Thank You Michael, Thank you for the memories

"He’s an inspirational and natural born leader. He’s a Dallas Cowboy."
----Jerry Jones, owner of the Dallas Cowboys

No one is perfect.

Michael Irvin knows this. But never has someone who was inducted into the NFL Hall of Fame elaborated on that sentiment like Irvin did tonight.

After 12 seasons with the Dallas Cowboys and three Super Bowls, The Playmaker can now say he did it, even though he doubted if he could. He's one of the elite. He's a Hall of famer.

Dallas Cowboys owner Jerry Jones used one word to describe Irvin: W-I-L-L

"I've never seen anyone with more of it," he said.
Ironically, it was a devastating loss that became Irvin's most memorable game. In the 1994 NFC Championship, Dallas spotted the 49ers a 21-point lead, with seven of those points from an Irvin fumble.

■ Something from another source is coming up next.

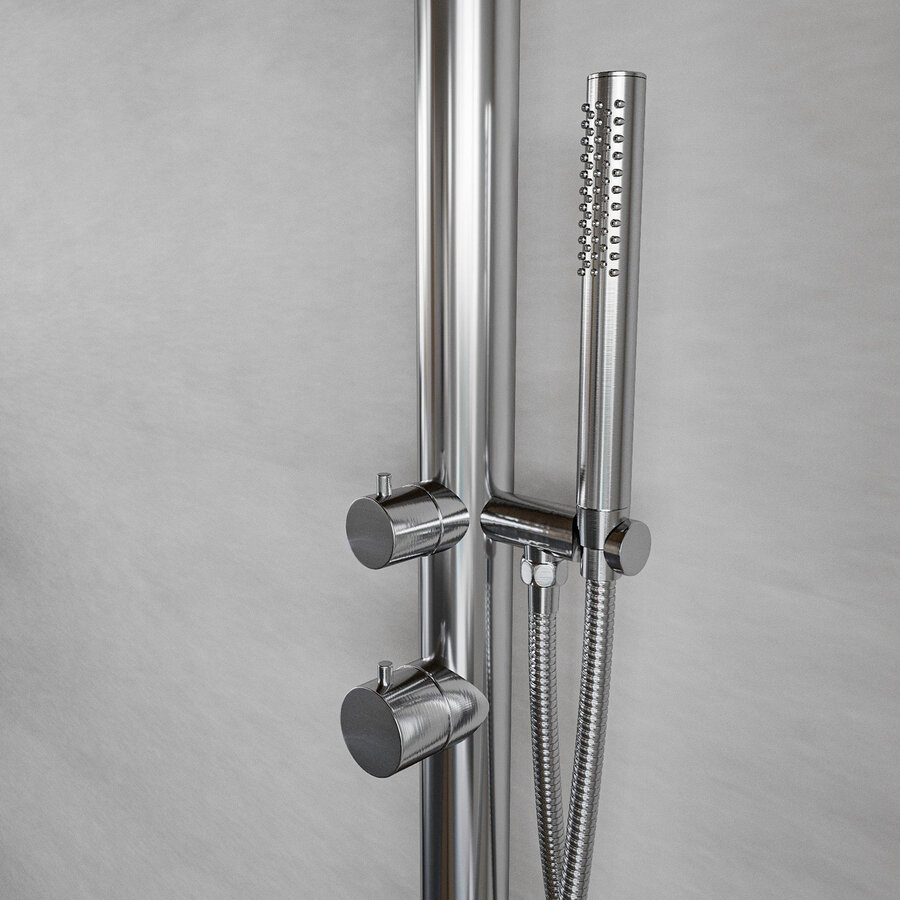 Buitendouche Fortifura Outdoor Original Wandmodel Met Handdouche Geborsteld RVS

But as Irvin said, the team never gave up. Irvin went on to break an NFC championship game record with 192 receiving yards on 12 receptions and two touchdowns in the 38-28 loss.

On Oct. 10, 1999, Irvin's career ended on a short slant against the Eagles. He slammed his head onto the turf and suffered a serious spinal injury. As the Eagles fans cheered, my head hung low as I witnessed the end of an era.

Irvin was the last player chosen in the Landry era. He suffered through 1-15 and 3-13 seasons before reaching the NFL's top game. Jerry Jones said Irvin was the catalyst, the spark, of those championship teams.

"The Dallas Cowboys of the 1990s were champions," Jones said. "The heart and the soul of those championship teams was Michael Irvin."

"His hard work is legendary. His passion, his competitiveness, were really possibly his greatest gifts and he shared them with his teammates on a daily basis."
Irvin had his faults, Jones said. But only Irvin could overcome his fallibility and use his inner strength to land on his feet stronger than before. It was no surprise to hear Irvin thank the fans first. Irvin discussed how he endured through his troubled life. Prayer obviously helped him through the difficulties, along with his loving wife Sandy and four children.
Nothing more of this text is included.